Amanda Knox Has a New Advice Column. We Have Some Questions.

Guglielmo Mangiapane/Reuters
Guglielmo Mangiapane/Reuters

ROME—For anyone who has ever wanted to ask Amanda Knox a question or two, the opportunity has arrived. The Seattle native, who was twice convicted and twice acquitted of the 2007 murder of her British roommate Meredith Kercher, in Perugia, Italy, is launching an advice column.

The new feature, to be called “Ask Amanda Knox,” will appear in the news outlet Westside Seattle, which is owned by the family of her husband, Christopher Robinson. The announcement so close to the Nov. 1 anniversary of Kercher’s murder begs what might be a good first question for the new agony aunt: Why now?
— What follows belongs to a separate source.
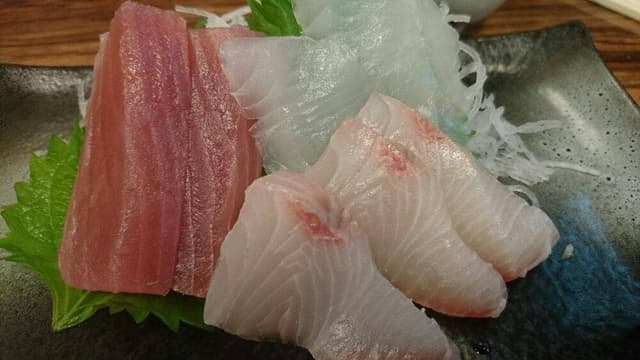 磯吉 - サブ画像3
Amanda Knox Is Asking for Money for a Wedding but She’s Already Married

The 31-year-old is in a good position to give advice on love-hate relationships. Last summer, Knox came to Italy to speak at a conference put on by Italy’s Innocence Project in which she both courted and criticized the media attention she invited by announcing the speaking engagement three months in advance. When she was met by hordes of cameras, she said she felt violated by the attention.

When she made her Instagram account public in 2017—with a photo shoot in which she was dressed as Little Red Riding Hood in the Black Forest—she quickly grew defensive that people found it peculiar and chastised many in the media for pointing out details, such as that her cat is named Scream.
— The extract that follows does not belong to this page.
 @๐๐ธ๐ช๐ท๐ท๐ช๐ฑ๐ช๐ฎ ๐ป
Knox is also well-positioned to give advice on the tricky business of wedding planning. After she returned to Seattle last summer, she and Robinson launched a GoFundMe page to help raise funds for their space-themed wedding to be held next year—without divulging that the two had married in 2018.
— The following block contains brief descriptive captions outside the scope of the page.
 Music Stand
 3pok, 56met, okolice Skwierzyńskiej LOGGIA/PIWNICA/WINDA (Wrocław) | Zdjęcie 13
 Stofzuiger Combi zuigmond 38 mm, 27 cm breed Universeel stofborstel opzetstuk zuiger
Knox can certainly give her readers advice on fighting for justice. Earlier this year, the European Court of Human Rights ruled that Knox’s rights were violated during her initial interrogations by not providing a lawyer or neutral interpreter, but ruled that she was not physically abused, as she suggested when she asked the court to award her $3 million in damages. The European court instead ruled that Italy should pay her $11,000 in damages and $9,000 for court costs and expenses.

Dealing with online etiquette is also something she has experience with. Late last week, she got into an online spat with Lady Gaga, who had tweeted that “Fame is a prison,” to which Knox retorted: “I hear you, but… prison is prison.” Touché!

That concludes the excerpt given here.